In one sense refactoring is rewriting, after all, code has changed. But the difference is that the change is still part of the same feature and is therefore still the code providing the same business value it did before, but hopefully in a “better” way. What rewriting seems to have come to mean is developing the same feature, but to one side of the production codebase. In essence there is a switchover from the old to the new, and probably a change in behaviour too as it’s likely that new features are what has driven it to occur in the first place.
I’ve seen plenty written about the fallacy of rewriting, but usually from the perspective of whether it actually delivers the intended business benefits it was expected to. One commonly cited problem is that the same mistakes are often repeated or the system ends up doing exactly what the old one did, which in turn is not what the business probably wanted in the first place!

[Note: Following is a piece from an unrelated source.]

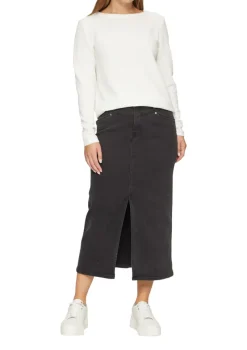 s.Oliver Pullover & Sweatshirts*Sweatshirt mit Struktur creme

However, my beef here is with rewriting internal parts of the system, especially when that rewrite does not involve a major change in tool or technology. If you already have a feature providing value, then the desire should be to evolve the implementation of that feature whilst continuing to draw on its value. By evolving through refactoring you get to continue extracting value whilst at the same time being in a position to put your spade down and switch focus to more important matters when necessary. If you choose the rewriting path you gain no value out of the change until you have switched over to it in production and decommissioned the original code.
Some time ago, at a previous client, I wrote a lengthy diatribe about how COM was not the problem in itself, but the way COM was used within the system was. I declared that one of the barriers to delivering new features was the inability to do unit testing because the excessive use of COM within the components made it intrinsically hard[1]. To try and turn-the-tide I wrote a couple of simple helper functions[2] that allowed us to reach into the COM component and extract the native C++ object inside as we owned both sides of the interface. This gave us a clear path for the future where we would push the logic from the COM component down into a native C++ class, which would then be unit testable. Initially we would use the dirty helper functions to overcome the COM boundary and then start fixing up the call graphs by taking the native type instead of the COM interface as the parameter. This would then push COM back out the module boundary where it belongs.
More recently I’ve been hit a couple of times by the worst of both worlds - a rewrite that is only partially wired in - so we are currently maintaining two versions of the same feature. Worse still is that the end state almost certainly means ripping out the temporary code used to partially wire it in, so there is yet more disruption ahead of us. One obvious question is whether refactoring would have just lead to the same outcome? Personally, I don’t believe so and it’s because refactoring keeps you in permanent contact with all the current consumers of your feature. When you rewrite you have the opportunity to focus on a single use case and then try and evolve it as you reel in the remainder; with refactoring you are always dealing with real use cases[3].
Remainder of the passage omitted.